Records from a data collection:
☆ ☆ ☆ ☆ ☆ ☆ ☆

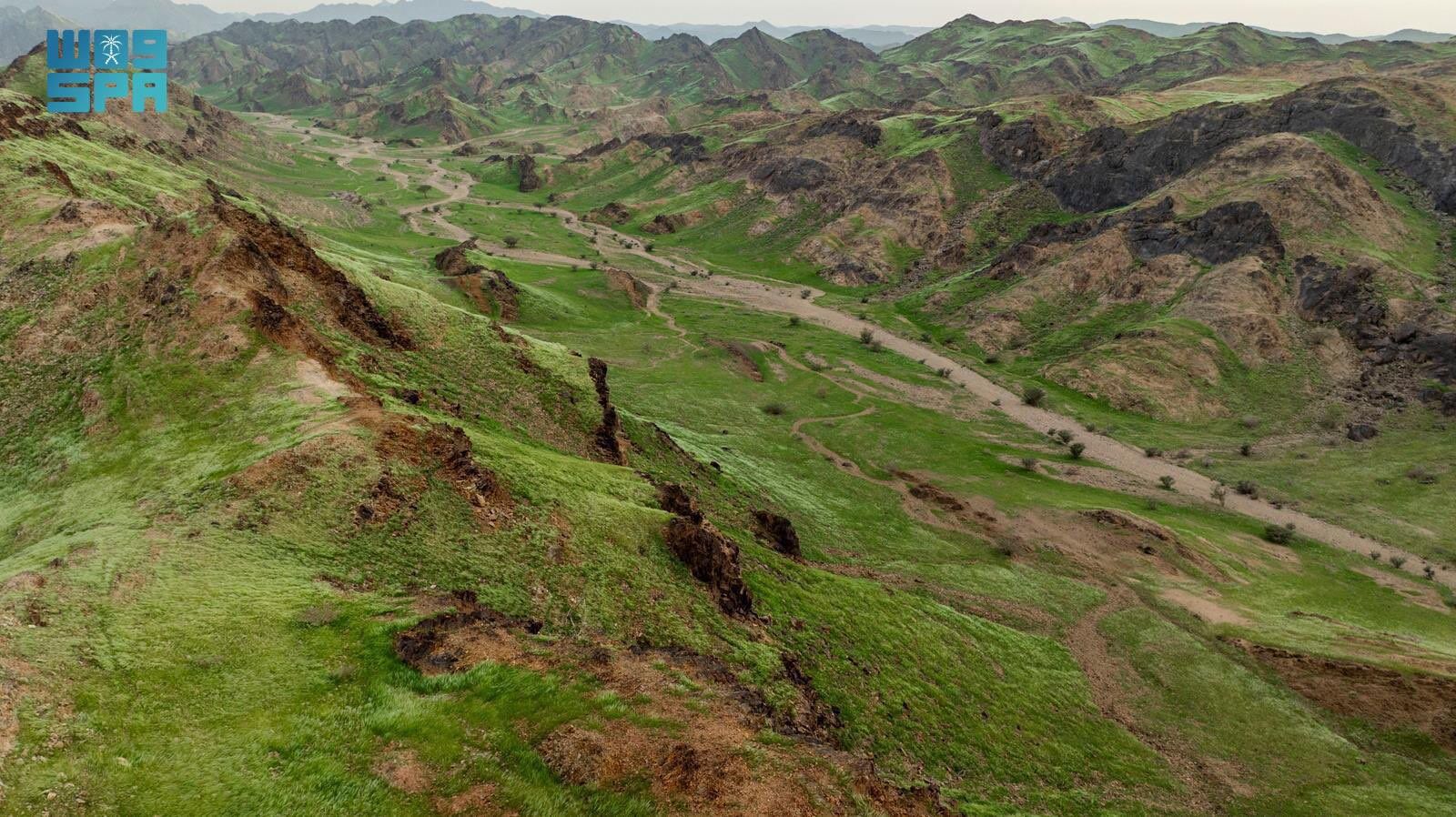 1 makkah mountains green september 2024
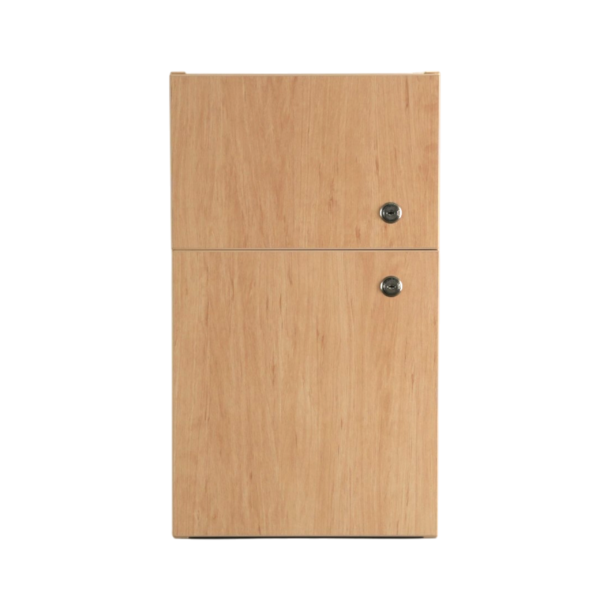 Guardian Medicine Cabinet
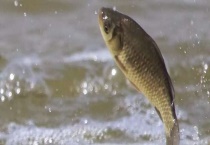 鲫鱼的产地分布 鲫鱼的生长条件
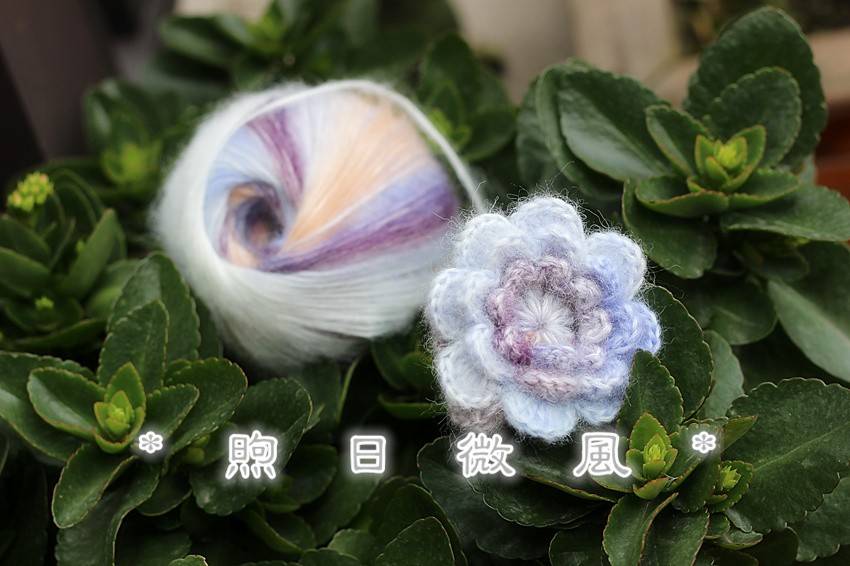 *煦日微风*乙巳小雪的小欢喜。花朵小围脖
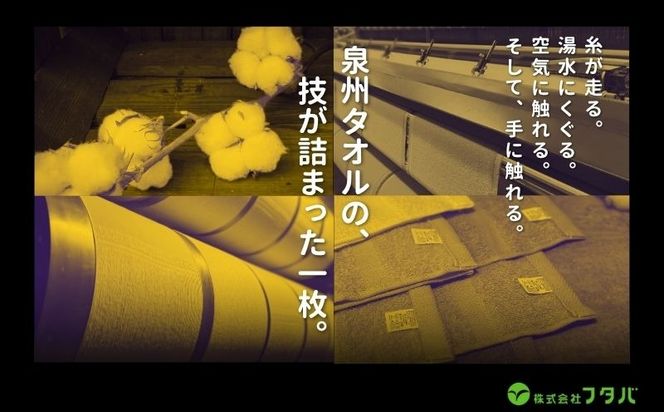 G3250 お洗濯がラクチン バスタオル  3枚セット（ブラウン／ベージュ／グレー）【泉州タオル 国産 吸水 普段使い シンプル 日用品】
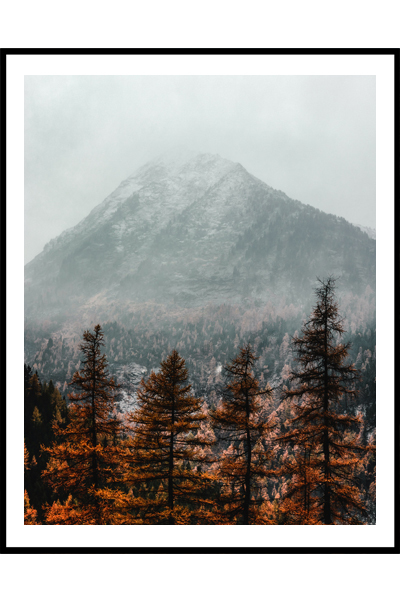 Постер  Осенняя гора
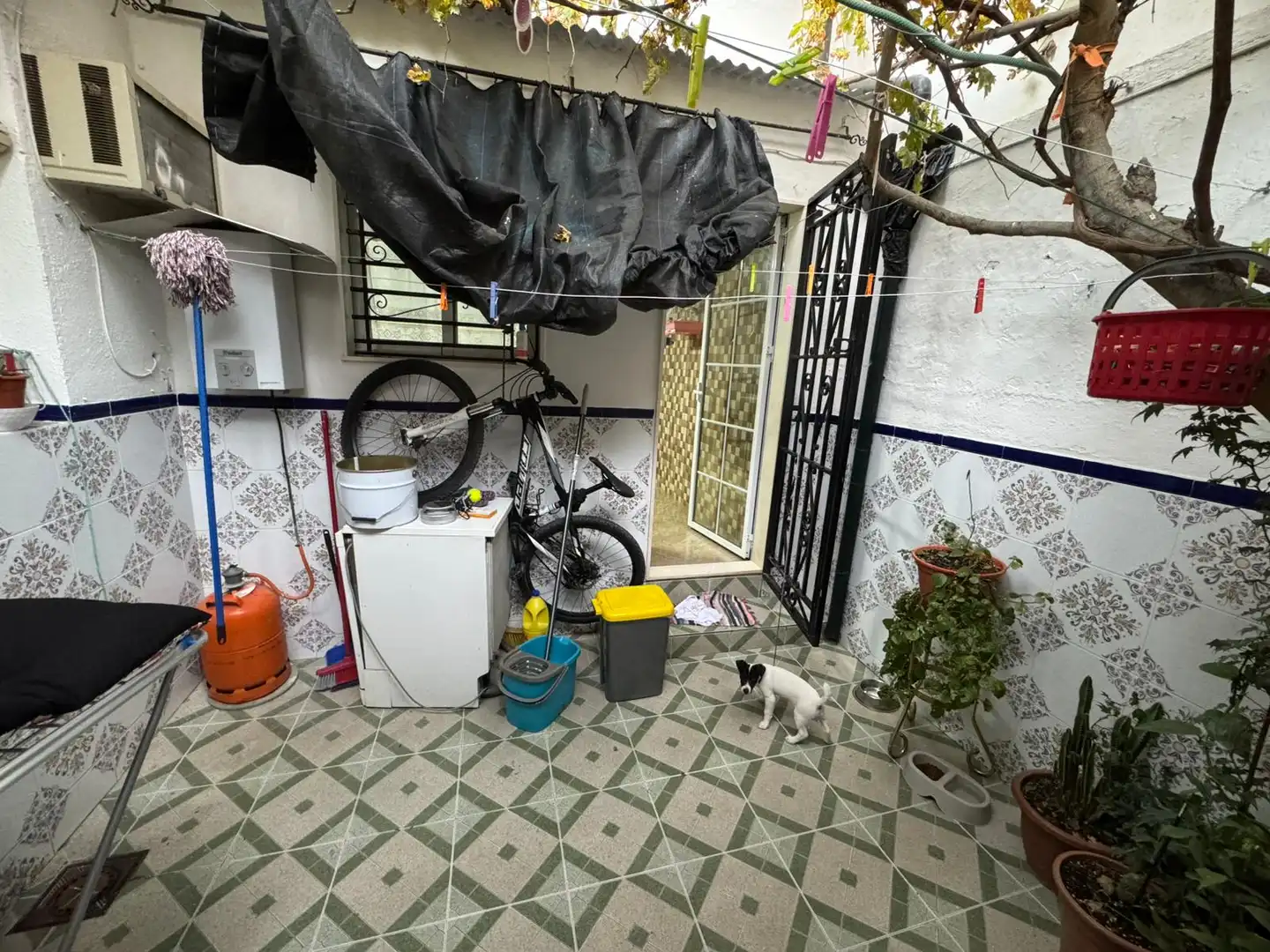 Maison à vendre à Rute, imagen 13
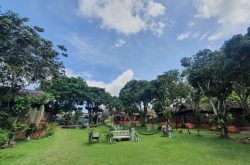 ไร่ชาหว่าเอ๋ย ภูน้ำอิงฟ้า วังน้ำเขียว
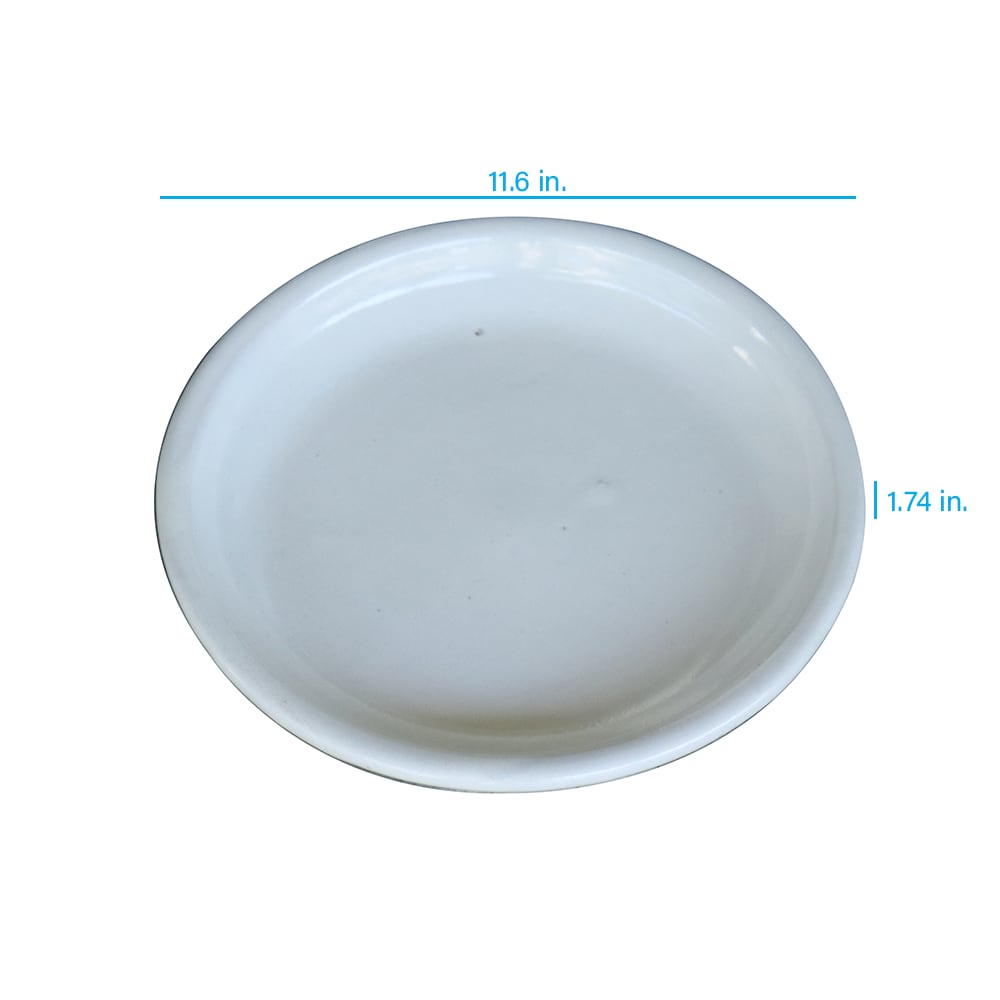 Plant the Plant roth at Saucer + allen department 11.6-in Ceramic in Saucers White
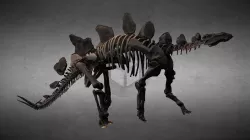 Stegosaurus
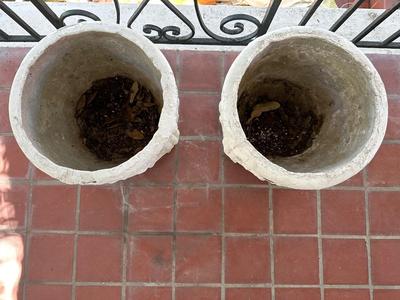 Two Cement Planters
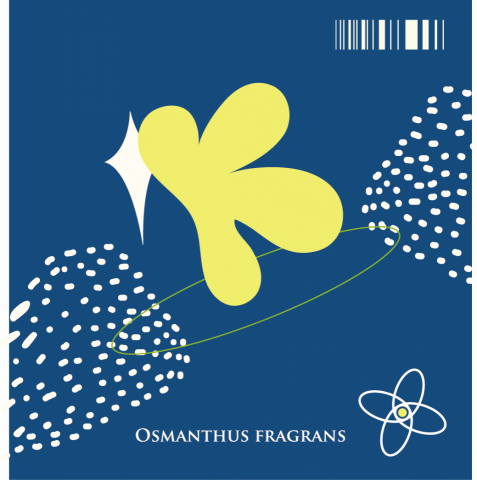 Hee’D - 小眾品牌改造周邊(紙袋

☆ ☆ ☆ ☆ ☆ ☆ ☆

Set the pictures aside and restate word for word only the lines from the line containing "鲫鱼的产地分布 鲫鱼的生长条件" through the end of the entries above, both included.

**SOLUTION TO THE PROBLEM**.
 鲫鱼的产地分布 鲫鱼的生长条件
 *煦日微风*乙巳小雪的小欢喜。花朵小围脖
 G3250 お洗濯がラクチン バスタオル  3枚セット（ブラウン／ベージュ／グレー）【泉州タオル 国産 吸水 普段使い シンプル 日用品】
 Постер  Осенняя гора
 Maison à vendre à Rute, imagen 13
 ไร่ชาหว่าเอ๋ย ภูน้ำอิงฟ้า วังน้ำเขียว
 Plant the Plant roth at Saucer + allen department 11.6-in Ceramic in Saucers White
 Stegosaurus
 Two Cement Planters
 Hee’D - 小眾品牌改造周邊(紙袋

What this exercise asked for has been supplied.